ACTION ITEM ::
Take the listing from its first line through the line that contains "The chevrons on" and please retype those lines exactly, leaving out the pictures.

MATERIAL PROVIDED ::
--------------------------------

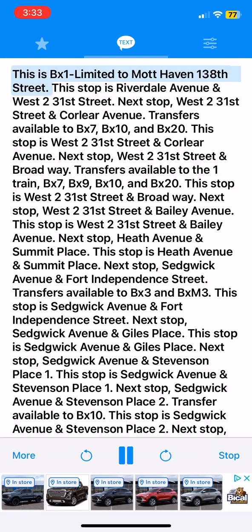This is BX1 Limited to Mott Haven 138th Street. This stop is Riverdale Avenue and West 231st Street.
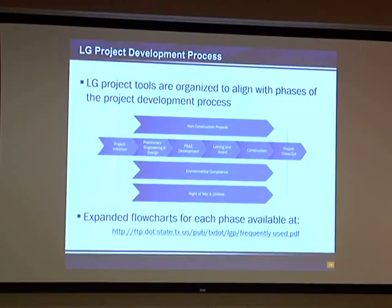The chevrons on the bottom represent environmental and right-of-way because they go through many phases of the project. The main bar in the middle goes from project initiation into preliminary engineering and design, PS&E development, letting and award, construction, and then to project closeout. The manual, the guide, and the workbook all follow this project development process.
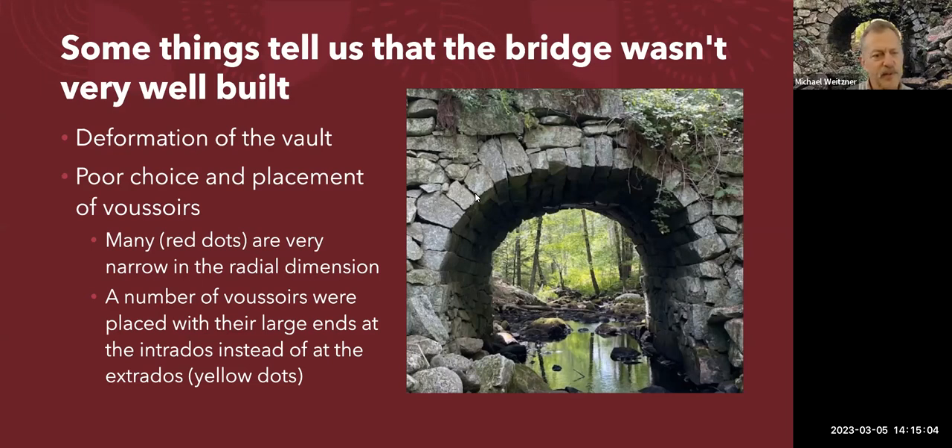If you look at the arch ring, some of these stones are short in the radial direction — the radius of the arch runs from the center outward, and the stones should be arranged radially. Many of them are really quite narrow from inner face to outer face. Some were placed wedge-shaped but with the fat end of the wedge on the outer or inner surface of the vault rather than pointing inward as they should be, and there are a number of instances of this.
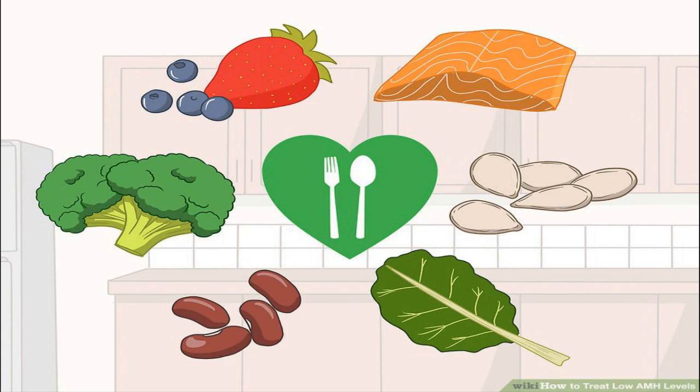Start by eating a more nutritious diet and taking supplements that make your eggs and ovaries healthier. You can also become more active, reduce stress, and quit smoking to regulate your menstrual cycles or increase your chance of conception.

--------------------------------

SOLUTION TO THIS EXERCISE ::
This is BX1 Limited to Mott Haven 138th Street. This stop is Riverdale Avenue and West 231st Street.
The chevrons on the bottom represent environmental and right-of-way because they go through many phases of the project. The main bar in the middle goes from project initiation into preliminary engineering and design, PS&E development, letting and award, construction, and then to project closeout. The manual, the guide, and the workbook all follow this project development process.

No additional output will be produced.